Algerian state radio denied reports Monday that a bomb had exploded at a bus station east of Algiers.
A security source earlier told Reuters that a bomb went off at Bouira, some 75 miles from the capital, killing 20 people.
There was no further explanation for the error.
There have been three deadly bomb attacks in the past week in regions east of the capital of the oil and gas exporting North African country.
On Sunday, two bombs in quick succession killed 2 people, including a French engineer and his Algerian chauffuer. The Defense Ministry on Monday denied weekend reports that 13 people had died in that bombing.
There was no immediate claim of responsibility. Algeria's al-Qaida affiliate, al-Qaida in Islamic North Africa, is known to be active in the area.
Other attacksThe North African nation's Islamic militants have mounted several attacks over the past week. On Wednesday, a suicide attack on a military barracks and a second bombing at a cafe shook a beach neighborhood outside the Algerian capital, wounding six people. A day later, a roadside bomb killed six soldiers in the city of Boumerdes.
The attacks of the past week have come as Algerian President Abdelaziz Bouteflika prepares to inaugurate an international trade fair Monday outside Algiers, a high-profile event that will draw members of foreign governments.
Though Algeria has battled an Islamic insurgency for years, the number of attacks has risen dramatically since the country's main militant group vowed allegiance to al-Qaida in 2006.
Most of the country's bombings have been claimed by al-Qaida in Islamic North Africa, formerly known as the GSPC. The group grew out of an insurgency that raged in the country in the 1990s. The violence, which has left as many as 200,000 dead, was prompted by the army's cancellation of legislative elections in 1992 that an Islamist party was poised to win.

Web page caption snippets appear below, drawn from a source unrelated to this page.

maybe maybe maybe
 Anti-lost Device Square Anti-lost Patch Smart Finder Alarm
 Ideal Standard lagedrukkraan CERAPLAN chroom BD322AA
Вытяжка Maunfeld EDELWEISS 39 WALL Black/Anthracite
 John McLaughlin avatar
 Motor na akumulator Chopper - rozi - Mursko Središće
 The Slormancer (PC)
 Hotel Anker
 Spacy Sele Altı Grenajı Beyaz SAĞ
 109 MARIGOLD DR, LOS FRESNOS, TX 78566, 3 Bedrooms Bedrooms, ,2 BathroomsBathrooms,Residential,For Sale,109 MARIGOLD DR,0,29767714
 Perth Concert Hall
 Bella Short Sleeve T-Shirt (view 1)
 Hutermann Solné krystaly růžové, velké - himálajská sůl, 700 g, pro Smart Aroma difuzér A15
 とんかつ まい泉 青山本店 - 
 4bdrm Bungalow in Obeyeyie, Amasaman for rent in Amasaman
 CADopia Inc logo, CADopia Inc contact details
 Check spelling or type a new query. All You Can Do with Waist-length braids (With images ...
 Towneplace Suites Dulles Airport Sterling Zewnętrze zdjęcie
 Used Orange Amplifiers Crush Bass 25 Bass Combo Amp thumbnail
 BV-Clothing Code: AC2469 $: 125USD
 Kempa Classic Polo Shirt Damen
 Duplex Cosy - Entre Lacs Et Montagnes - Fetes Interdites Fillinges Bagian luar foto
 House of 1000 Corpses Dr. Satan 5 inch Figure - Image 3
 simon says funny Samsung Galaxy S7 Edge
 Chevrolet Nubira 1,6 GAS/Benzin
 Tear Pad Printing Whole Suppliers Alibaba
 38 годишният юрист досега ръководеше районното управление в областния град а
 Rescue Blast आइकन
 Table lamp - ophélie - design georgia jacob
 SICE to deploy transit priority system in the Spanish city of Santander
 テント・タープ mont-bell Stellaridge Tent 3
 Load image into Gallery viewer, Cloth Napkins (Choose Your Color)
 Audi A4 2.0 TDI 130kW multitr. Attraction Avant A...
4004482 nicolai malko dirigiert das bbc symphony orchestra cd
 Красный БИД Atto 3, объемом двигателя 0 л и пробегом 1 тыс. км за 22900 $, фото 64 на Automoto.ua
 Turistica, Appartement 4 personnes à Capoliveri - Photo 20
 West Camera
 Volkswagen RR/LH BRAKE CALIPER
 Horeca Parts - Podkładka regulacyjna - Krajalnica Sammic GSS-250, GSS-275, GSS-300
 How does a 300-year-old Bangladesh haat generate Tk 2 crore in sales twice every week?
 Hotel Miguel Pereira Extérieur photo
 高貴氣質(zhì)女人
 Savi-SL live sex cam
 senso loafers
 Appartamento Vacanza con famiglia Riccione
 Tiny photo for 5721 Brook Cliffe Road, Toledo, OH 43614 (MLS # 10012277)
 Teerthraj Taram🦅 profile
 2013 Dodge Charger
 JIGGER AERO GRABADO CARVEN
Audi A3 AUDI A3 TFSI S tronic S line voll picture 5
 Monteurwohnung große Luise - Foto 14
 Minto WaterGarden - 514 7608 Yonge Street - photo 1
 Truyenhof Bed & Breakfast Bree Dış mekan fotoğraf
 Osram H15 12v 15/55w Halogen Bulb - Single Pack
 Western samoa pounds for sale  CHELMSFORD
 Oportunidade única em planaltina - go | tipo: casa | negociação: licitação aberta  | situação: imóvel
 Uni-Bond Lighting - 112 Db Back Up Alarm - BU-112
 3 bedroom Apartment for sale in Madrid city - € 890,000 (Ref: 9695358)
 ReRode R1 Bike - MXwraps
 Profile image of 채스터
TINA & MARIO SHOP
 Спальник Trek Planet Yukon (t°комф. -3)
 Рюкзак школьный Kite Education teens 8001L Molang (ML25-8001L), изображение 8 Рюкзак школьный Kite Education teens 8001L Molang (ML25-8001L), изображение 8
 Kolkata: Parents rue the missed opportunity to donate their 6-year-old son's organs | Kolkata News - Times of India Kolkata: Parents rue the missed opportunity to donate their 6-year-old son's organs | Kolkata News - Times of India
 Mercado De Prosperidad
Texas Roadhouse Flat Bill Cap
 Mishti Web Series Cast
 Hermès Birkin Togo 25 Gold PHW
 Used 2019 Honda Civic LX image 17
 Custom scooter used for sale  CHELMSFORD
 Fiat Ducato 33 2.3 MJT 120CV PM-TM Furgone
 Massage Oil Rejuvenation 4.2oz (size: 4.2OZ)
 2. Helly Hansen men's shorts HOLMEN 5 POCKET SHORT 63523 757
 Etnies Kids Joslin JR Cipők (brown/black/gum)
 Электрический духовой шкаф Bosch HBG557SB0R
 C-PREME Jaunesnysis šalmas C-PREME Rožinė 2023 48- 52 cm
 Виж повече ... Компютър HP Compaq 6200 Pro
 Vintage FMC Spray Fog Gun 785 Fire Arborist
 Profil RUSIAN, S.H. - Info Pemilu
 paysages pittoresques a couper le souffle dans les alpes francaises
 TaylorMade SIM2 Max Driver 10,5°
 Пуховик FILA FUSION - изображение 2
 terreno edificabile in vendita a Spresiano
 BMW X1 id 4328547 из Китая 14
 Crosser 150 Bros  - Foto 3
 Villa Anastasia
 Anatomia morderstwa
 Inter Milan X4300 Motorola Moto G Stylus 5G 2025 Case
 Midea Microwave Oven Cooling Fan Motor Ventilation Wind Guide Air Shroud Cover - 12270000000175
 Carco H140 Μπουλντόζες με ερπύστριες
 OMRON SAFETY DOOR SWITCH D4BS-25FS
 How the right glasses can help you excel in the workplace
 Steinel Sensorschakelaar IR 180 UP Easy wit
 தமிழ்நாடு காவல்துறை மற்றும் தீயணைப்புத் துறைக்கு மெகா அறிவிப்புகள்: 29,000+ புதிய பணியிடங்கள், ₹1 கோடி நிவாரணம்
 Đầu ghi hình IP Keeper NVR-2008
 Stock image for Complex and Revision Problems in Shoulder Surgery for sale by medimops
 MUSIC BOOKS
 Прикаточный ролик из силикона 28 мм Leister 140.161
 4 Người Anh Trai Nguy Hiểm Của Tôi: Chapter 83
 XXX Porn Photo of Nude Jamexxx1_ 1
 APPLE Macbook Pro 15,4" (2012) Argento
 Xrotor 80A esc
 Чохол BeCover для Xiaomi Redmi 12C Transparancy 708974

Many attacks in Algeria have targeted the national security services and military, while others have struck foreigners. Sunday's attack was apparently crafted to hit both of those targets. In December, a double suicide bombing in Algiers killed 41 people, including 17 U.N. workers. In April 2007, coordinated suicide strikes against the main government offices in central Algiers and a police station killed 33.